Potty Training

posted March 19, 2009

Fail. Fail Again. Fail Better.
-Samuel Beckett

Lila is sitting next to me on the corner of the easy chair as I write this. She is wearing mismatched pajamas and black rain boots. She wants to know why the writers aren’t eating snacks right now. I tell her it’s because they are writing and also that I forgot to put the snacks out. She wiggles down and slides off the chair and runs over to her shelf full of toys and drops a big basket of percussion instruments on the floor. I hear her mutter, “Don’t worry, it’s not a problem.”
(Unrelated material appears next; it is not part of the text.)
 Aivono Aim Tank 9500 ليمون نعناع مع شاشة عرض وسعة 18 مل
Earlier this evening, we were watching old videos on my computer of Lila when she was seven months old (Johnny’s current age) and eleven months old and eighteen months old. It gave me pangs to see that sweet, funny, light-of-my-life little person, that person who didn’t know the meaning of the word “tantrum.” In truth, neither did her mother.

I haven’t said much about potty training. That’s because it’s a blight on what is otherwise a peaceful and serene life, and I want you all to think I mostly have it together. But there are times when my interactions with Lila around this issue make me feel like THE most incompetent parent in the history of parentdom.
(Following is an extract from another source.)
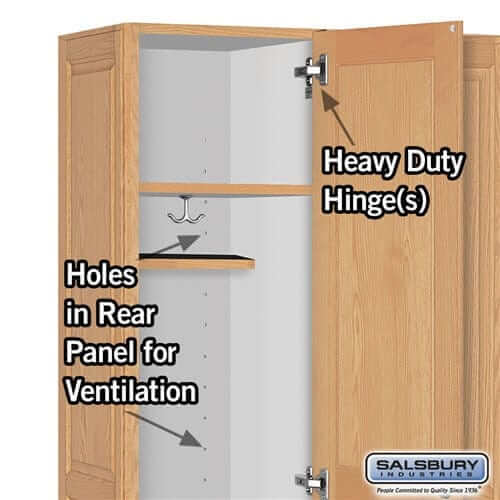 Salsbury Industries Solid Oak Executive Wood Locker — 1 Tier, 3 Wide YourLockerStore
There are lots of ideas out there about potty training. One, T. Berry Brazelton’s, is to leave the kid completely alone and wait for him to figure it all out for himself, presumably before he’s in junior high. Others, including a number of disposable diaper-hating environmental types like me, think the diaper industry is behind this and argue for earlier, more hands-on toilet learning.

Except that nothing I have done ––or continue to try to do–– works. Lila showed great interest in the potty about a year ago, and that interest lasted about a week. My interest in her learning the potty, however, did not wane. As I have written here, we mostly use cloth diapers, and as the months progress (and the population of diaper-wearing members of our family doubled), I become more and more eager for the elder of the two to figure out where to put the products of her digestion.
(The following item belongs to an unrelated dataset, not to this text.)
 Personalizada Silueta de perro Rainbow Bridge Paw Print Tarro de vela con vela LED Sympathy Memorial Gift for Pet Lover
By the way, in my earnest desire to be green, I also eschewed commercial diaper wipes in favor of rags (made from soiled and stained baby clothes) and a spray bottle of a mixture of water, olive oil and baby shampoo. This system works wonderfully and is cheap, though it does require laundering and sorting the rags into equal piles which must then be delivered to three distinct diaper changing stations. It also requires keeping up with the three spray bottles and making sure they are full and present at each station. I was willing and eager to do this until recently when Lila discovered the spray bottles and decided it was her duty to use them to “clean” the bathrooms. She knows I don’t want her to do this, so she says, “Mama, I need privacy,” and slams the bathroom door shut. At first I thought this was good news and might lead to toilet use, but I have since found that it always results in her emptying the spray bottles of their contents, sometimes onto the vanity mirror, sometimes into her potty, and sometimes all over the changing pad. So we are going to suck it up and go back to paying $5 per package of wipes.

A friend recently suggested the M&M method of toilet training: one M&M for a pee, five for a poop. This worked well the very first time: Lila gladly obliged, but five minutes after eating her one M&M she opened her eyes wide and said, “Mama! I have to pee again!” and ran to the potty. She peed three times in an hour and then lost interest in the M&Ms completely.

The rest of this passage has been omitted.